Tensions between Washington and Baghdad have flared anew since Dec. 27, when U.S. planes shot down an Iraqi MiG fighter over the zone. Other recent moves by Baghdad, including interference with humanitarian relief for Kurds in northern Iraq and with U.N. inspections of weapons facilities, have added to concerns that Iraq may again be trying to test U.S. resolve at a time Washington is changing administrations.

Hamdoon said Iraq has "no hostile intentions against anybody" and insisted his government's actions were "purely defensive, within its sovereign right." He said Iraq is not testing the Bush administration and questioned the right of the allies to enforce the no-fly zone, arguing it is not specifically supported by a U.N. resolution but is an allied initiative that grows out of their interpretation of broad resolutions.
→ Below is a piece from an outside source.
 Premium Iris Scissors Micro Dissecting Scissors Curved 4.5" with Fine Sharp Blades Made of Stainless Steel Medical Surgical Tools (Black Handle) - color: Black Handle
Senior officials said the Soviet-made, anti-aircraft batteries, which have been positioned along the 32nd parallel, "are a threat" to U.S. and other pilots patrolling in the zone, though some experts doubted the efficacy of the missiles given their age.
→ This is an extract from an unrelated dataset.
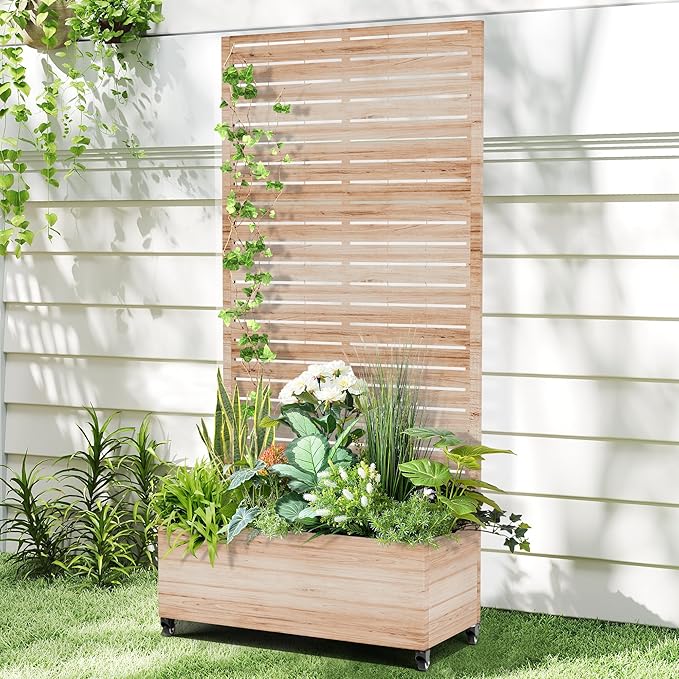 Raised Garden Bed with Trellis and Wheels73x35x16 Metal Raised Garden BedAcacia Finish Metal Planter with Climbing Trellis for Vines &amp Vegetables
A senior official said Iraq was told to "move the batteries back to where they came from" - that is, north of the 32nd parallel. The page-and-a-half diplomatic note handed Hamdoon warned of "appropriate and decisive" retaliation if Iraq does not comply, diplomatic sources said.

The Iraqis already have been told in military-to-military exchanges not to aim anti-aircraft radar at U.S. planes and not to fly into the protected zone. Both warnings were renewed in Wednesday's ultimatum, sources said.

Whether the Bush administration would resort to retaliatory military actions in its final days is part of the calculation Iraqi President Saddam Hussein now has to make. In order to persuade him of Bush's resolve, the White House has begun taking steps - issuing diplomatic protests, imposing deadlines, consulting with allies and congressional leaders - previously taken as a buildup to military action.

A senior official said the movement of the batteries into the no-fly zone was part of an "increasing series, a pattern of actions" by the Iraqi leader, intended either to engage Bush in one last test of wills or present President-elect Clinton his first test.

In Little Rock, Ark., Clinton spokesman George Stephanopoulos told reporters: "The president-elect joins President Bush in saying that we will tolerate no violation of any resolutions by Saddam Hussein." Stephanopoulos said Clinton's national-security adviser-designate Anthony Lake had been consulting closely with national-security adviser Brent Scowcroft on Iraq developments.